The Emergence of Me...

“One never learns how the witch became wicked, or whether that was the right choice for her~is it ever the right choice? Does the devil ever struggle to be good again, or if so is he not a devil?" - Gregory Maguire (Wicked, The Life and Times of the Wicked Witch of the West)

{I haven’t blogged in a while and like I said before, I wont be doing so on a frequent basis as I have in the past}
As this year draws to an end, I've realized I've changed a lot. A coming of age of some sort. A lot of things died inside of me this year. My dreams. Long standing beliefs and notions. LOVE. Two of the biggest losses were faith and hope. I came face to face with my own heart and what I thought was my heart’s desire, turned out to be only an illusion. I became aware that I no longer want to get married. Im a free spirit and I do not want to be tied to anyone. If I were married, I would most certainly cheat. I like dating/flirting/whatever with different people, with no roots to anyone in particular. Whoever suits my mood that day. I have a short attention span: today I like you, tomorrow I don’t. And the day after that, well...I just may hate you. Such is my randomness. I think I was always like that but even more so after the Beast and our bizarre, surreal on/off relationship.

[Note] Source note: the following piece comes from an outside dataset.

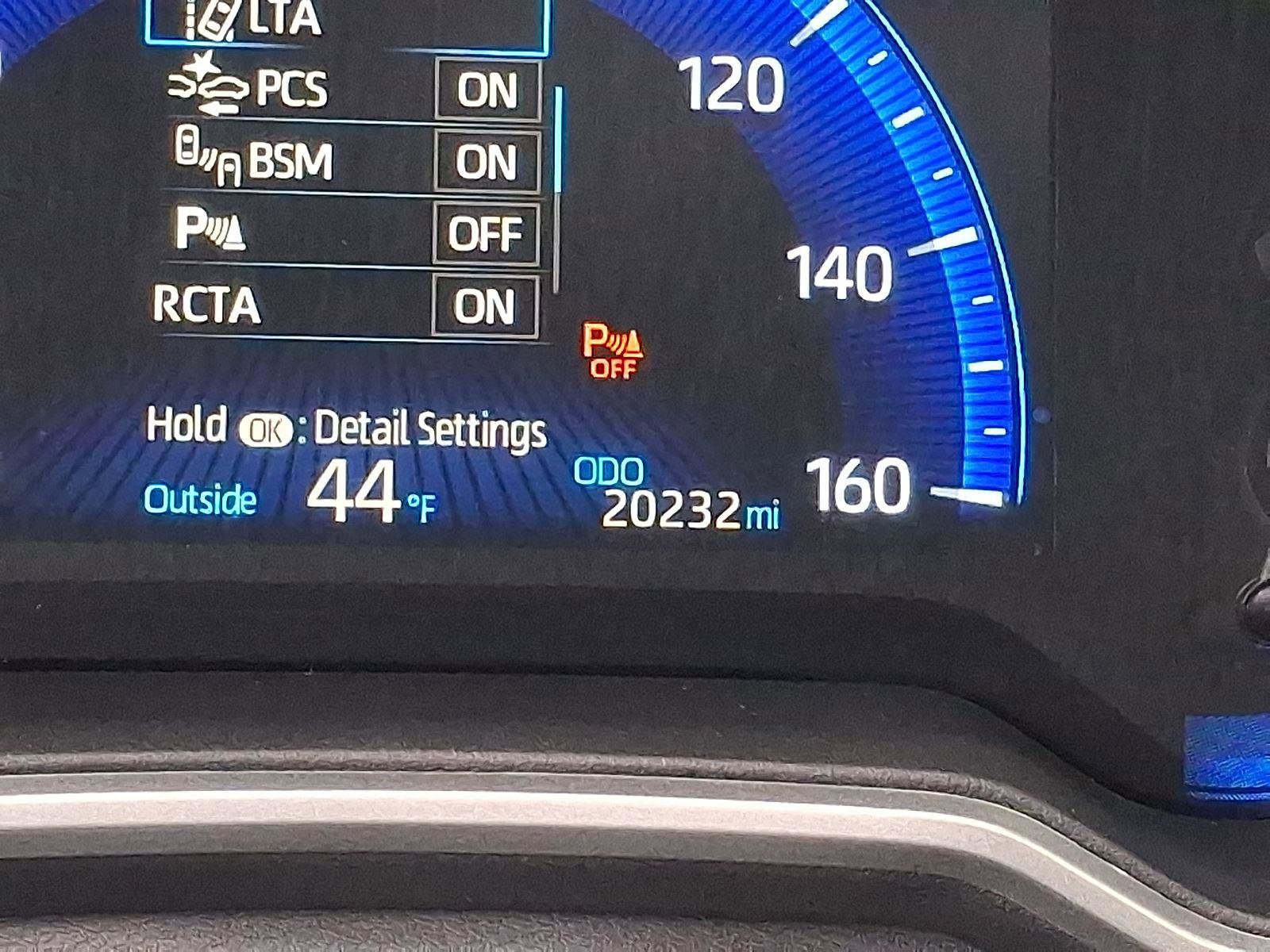 Used 2022 Toyota Corolla Cross XLE w/ Convenience Package image 19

Yet for all his beastliness, he showed me more about myself and life than everything else combined. He was destined to cross paths with me. To awaken me from the coma-like stupor I’ve spent most of my life in. He’s completely gone from my life now and has been since the beginning of this year. and that’s the way it should be. I don’t want to cross paths with him again. But my life is still tainted by him, his memory bleeding all over the other corners of my life. When I remember him, I still feel a thorn in my heart. My heart, though mostly healed, still holds a wound where he pricked me...the wound bleeds fresh, anytime I touch it. it bleeds a bitter blackness stench that makes me harder, colder...unyielding. Almost as if its turning me into stone. Making me indifferent to so many things, even God. Love turned to hate...and finally burned out till all that is left is a numb indifference. In the end, it doesn’t change who God is, it only changes me. My heart has grown hollow without Him. but even now, I don’t want to go back. I don’t know what I want really. Im sort of in limbo, wherever the wind takes me. I turned 35 last week. And for once it didn’t bother me getting older. Its taken me this long to finally feel comfortable in my own skin. To finally accept my flaws and shortcomings. No one is perfect. I take life as it comes, one day at a time. Whatever happens, happens and I dare not dream...nor hope again.